I thought it was a scam. I'm glad I was wrong.
A few years back, a stranger messaged me out of the blue asking for money for an orphanage in Uganda. Every instinct I had said the same word: scam. You don't wire money to someone you've never met on the strength of a message. I nearly ignored it completely.
But he didn't go away. He kept messaging — patient, never pushy — and he kept sending things. Photos. Names. The home itself. Eventually I thought, right, let's test it. I sent £100, fully expecting that to be the last I'd ever hear of him.
Instead I got back a flood of photos and videos: children with actual food in front of them, singing, dancing, holding up handmade signs. Not a slick charity package — real kids, genuinely better off because of a hundred quid. I'd been talking to a decent, genuine man doing real good, and I'd very nearly written him off on a lazy assumption.
So I gave again. And again. And the proof came back every single time.
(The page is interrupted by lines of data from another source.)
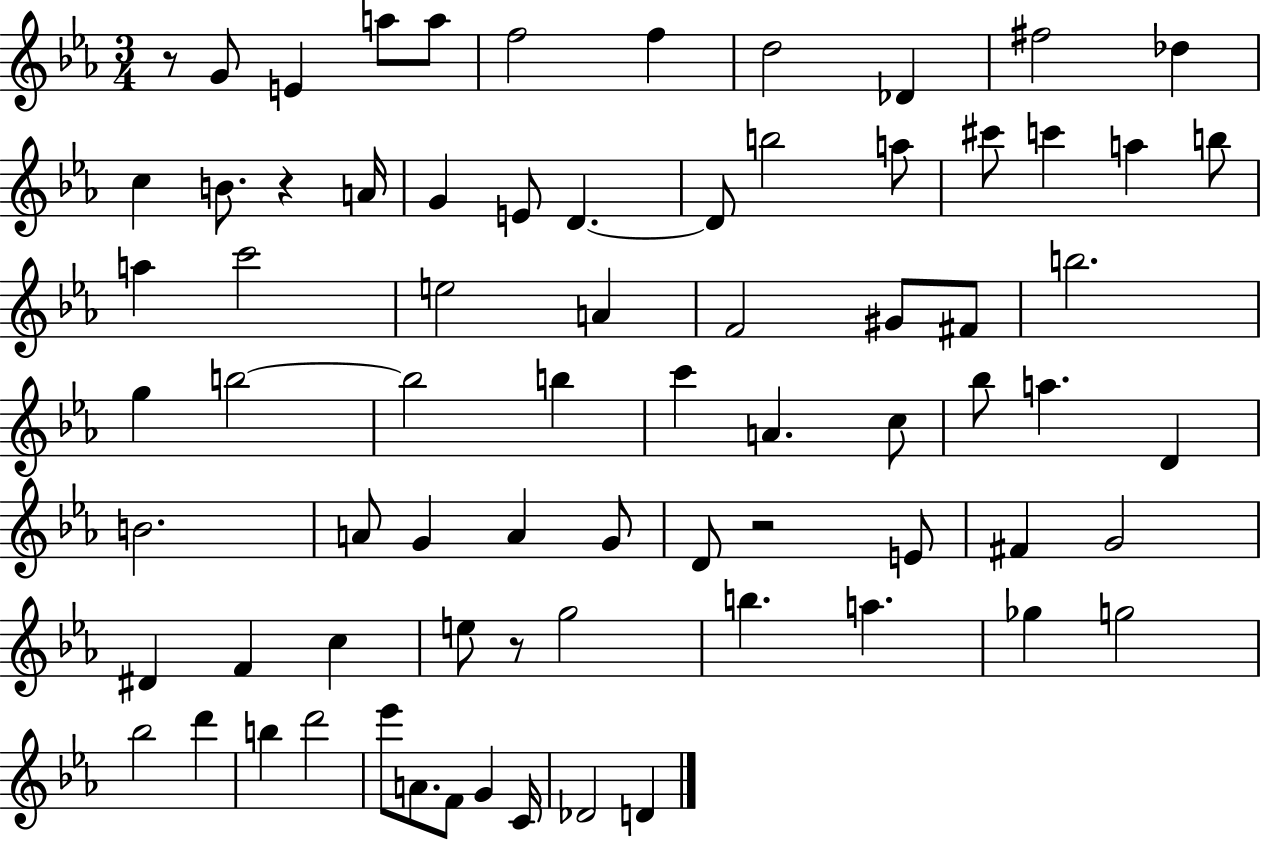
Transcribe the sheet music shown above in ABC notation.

X:1
T:Untitled
M:3/4
L:1/4
K:Eb
z/2 G/2 E a/2 a/2 f2 f d2 _D ^f2 _d c B/2 z A/4 G E/2 D D/2 b2 a/2 ^c'/2 c' a b/2 a c'2 e2 A F2 ^G/2 ^F/2 b2 g b2 b2 b c' A c/2 _b/2 a D B2 A/2 G A G/2 D/2 z2 E/2 ^F G2 ^D F c e/2 z/2 g2 b a _g g2 _b2 d' b d'2 _e'/2 A/2 F/2 G C/4 _D2 D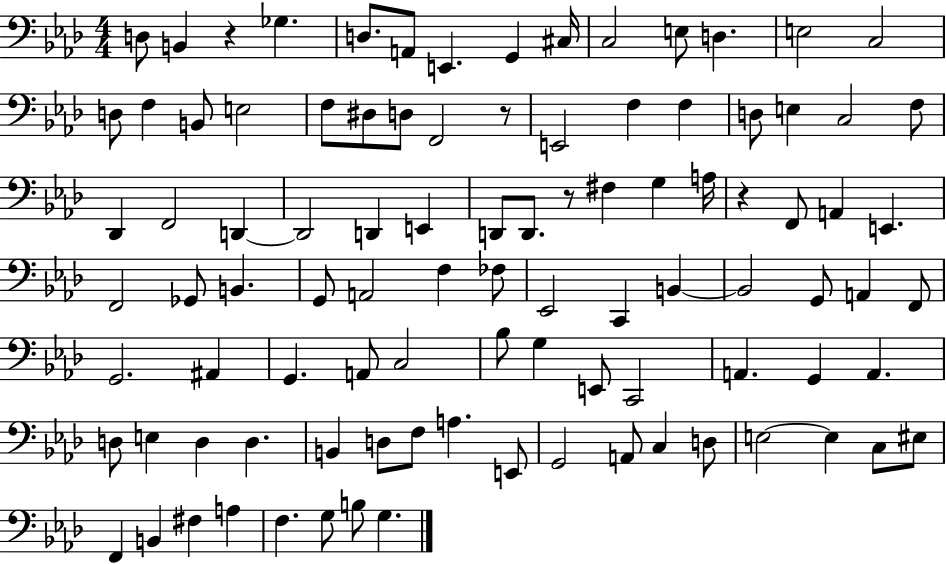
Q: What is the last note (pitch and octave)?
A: G3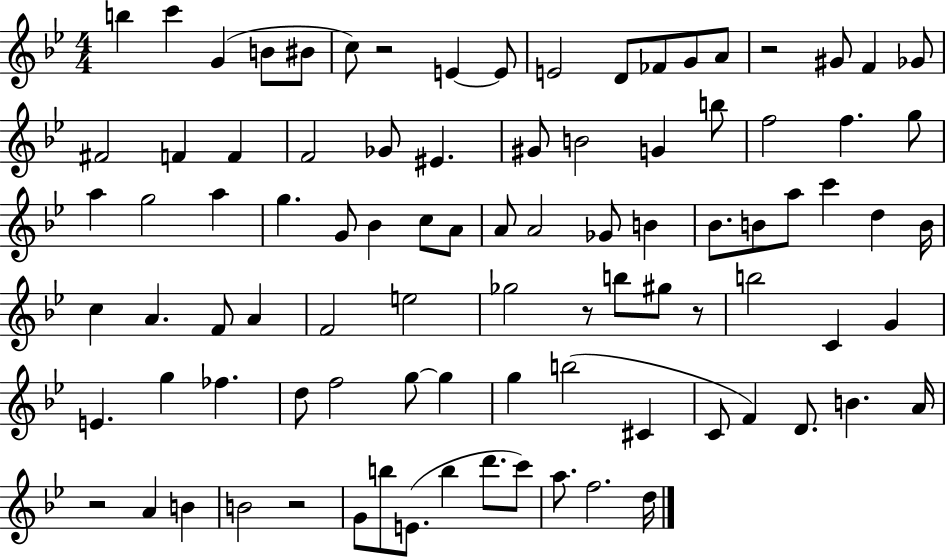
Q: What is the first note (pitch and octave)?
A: B5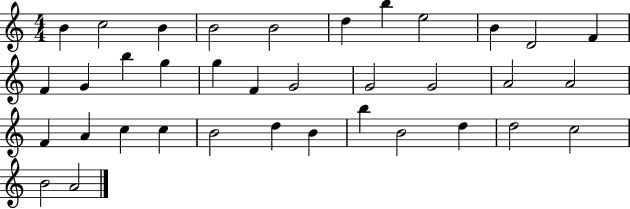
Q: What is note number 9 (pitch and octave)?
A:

That's the whole reason this exists. I got proof with every pound — so I built a way for other people to give exactly like that, with the same proof, and without the overhead that normally sits between a donor and a child.
Who's actually asking for your money
Martin Howard
I administer every pound of this personally — and take nothing for it.
Fair question — and a more important one when this isn't a registered charity. So, plainly: I'm Martin Howard, a UK property developer. I built a property group worth around £13.7m starting from nothing — a council estate, a redundancy and a spell packing cheese in a Somerset factory are all in my past. I'm not anonymous, I'm not hard to find, and I have a reputation I'm not about to torch over someone's tenner.
I administer every pound of this personally and take nothing — no salary, no expenses. And it's kept completely separate from my business: no products here, no pitches, no investment talk. If you want to know exactly who I am, my track record is public.